オリジナルラヴの田島貴男をヴォーカルに迎え、第2期ピチカートファイヴがスタートしたが、私は内心不安でいっぱいだった。正常な男の子としては、ピチカートファイヴは佐々木麻美子であるべきであった。男臭いピチカートファイヴなんぞ御免である。
前作から一転、汗臭くないソウルという、まるでマットビアンコみたいな謳い文句のアルバムだったが、そのサウンドはどこか探り探りな印象を受けた。「カップルズ」で展開されたソフトなメロディーに、田島のヴォーカルがそのまま乗る。あれ、違うぞ、と感じたのは、私だけではないはずだ。
しかし、その懸念は次のアルバムで払拭される。「女王陛下のピチカートファイヴ」は、バート・バカラックに傾倒している小西が作り上げた、映画のない映画音楽だった。

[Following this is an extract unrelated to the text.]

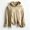 00-&Khaki544, variant on Tiijoy Halloween Boys Oversized Distressed Hoodie Trendy Streetwear Sweatshirt, Sizes 3-13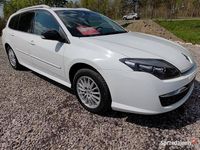 używany Renault Laguna III 6 biegowa 1.5dci kombi super stan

田島のヴォーカルにどっしり重きを置いていた「ベリッシマ」に比べ、中心は小西&高浪のサウンドへ移った。加えて、様々なゲストミュージシャンの参加で、バラエティ豊かなアルバムになった。これは次の「月面軟着陸」へとつながり、ピチカートファイヴのサウンドが確立され始めた。
しかし、ここで田島貴男がオリジナルラヴの活動に専念するということで脱退。第2期ピチカートファイヴの終焉である。
次のヴォーカルは誰か。私は、戸川京子あたりが有力だと思っていた。彼女自身、ピチカートファイヴの大ファンであり、「月面軟着陸」にもゲストヴォーカルとして参加、また彼女のアルバム「O'can」では、全詞を小西氏が書いている。
誰しも待ち望んでいた次のヴォーカル、それは、意外にも元ポータブルロック、野宮真貴だった。ピチカートファイヴ、怒涛の第3期の幕が開ける・・・。